Probability with Martingales:
It looks like we have a filtered probability space $(\Omega, \mathscr F, \{\mathscr F_n\}_{n \in \mathbb N}, \mathbb P)$ where
$A = \{A_n\}_{n \in \mathbb N}$ is an $\{\mathscr F_n\}_{n \in \mathbb N}$-adapted process which is previsible meaning it is $\{\mathscr F_{n-1}\}_{n \in \mathbb N}$ adapted.

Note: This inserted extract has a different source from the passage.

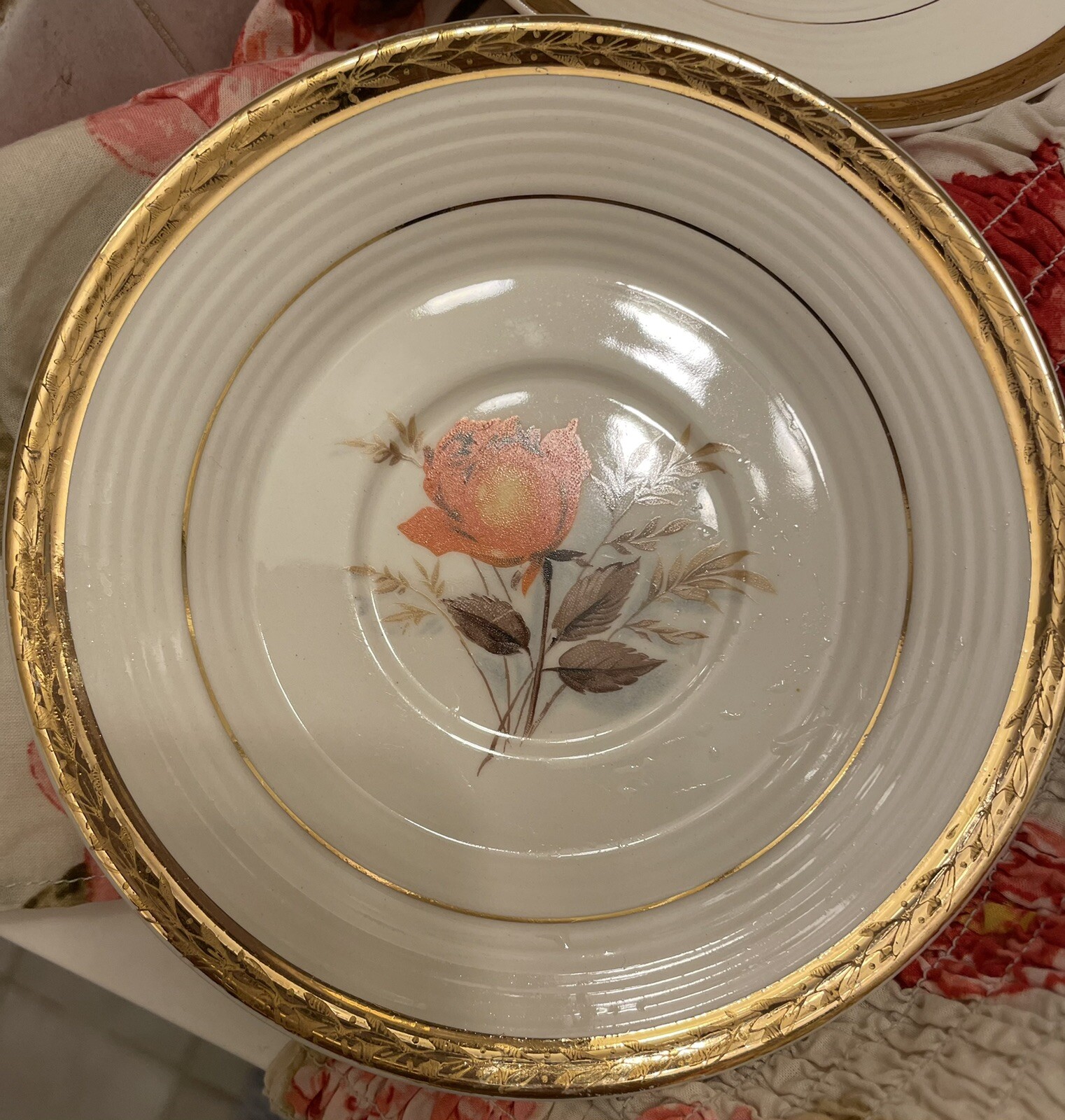 triumph american limoges vermillion rose eBay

To prove $S_k$ is a stopping time, we have to prove that
$$\{S_k = m\} \in \mathscr F_m \ \forall m \in \mathbb N$$
Now
$$\{S_k = m\} = \{\inf\{n \in \mathbb Z^{+} \ : \ A_{n+1} > k\} = m\}$$
I'm guessing $$\{\inf\{n \in \mathbb Z^{+} \ : \ A_{n+1} > k\} = m\} =$$
$$\bigcap_{n=0}^{m} \{A_n \le k\} \cap \{A_{m+1} > k\} \in \mathscr F_m$$
$$\because \bigcap_{n=0}^{m} \{A_n \le k\} \in \mathscr F_m \ \text{and} \ \{A_{m+1} > k\} \in \mathscr F_m$$
Is that right?
Also, how should I interpret $S_k$? The first time $A$ exceeds k plus 1?
$\{S(k)\le m\} =\{A_{m+1}>k\}\in\mathscr F_m$, because $A$ is previsible.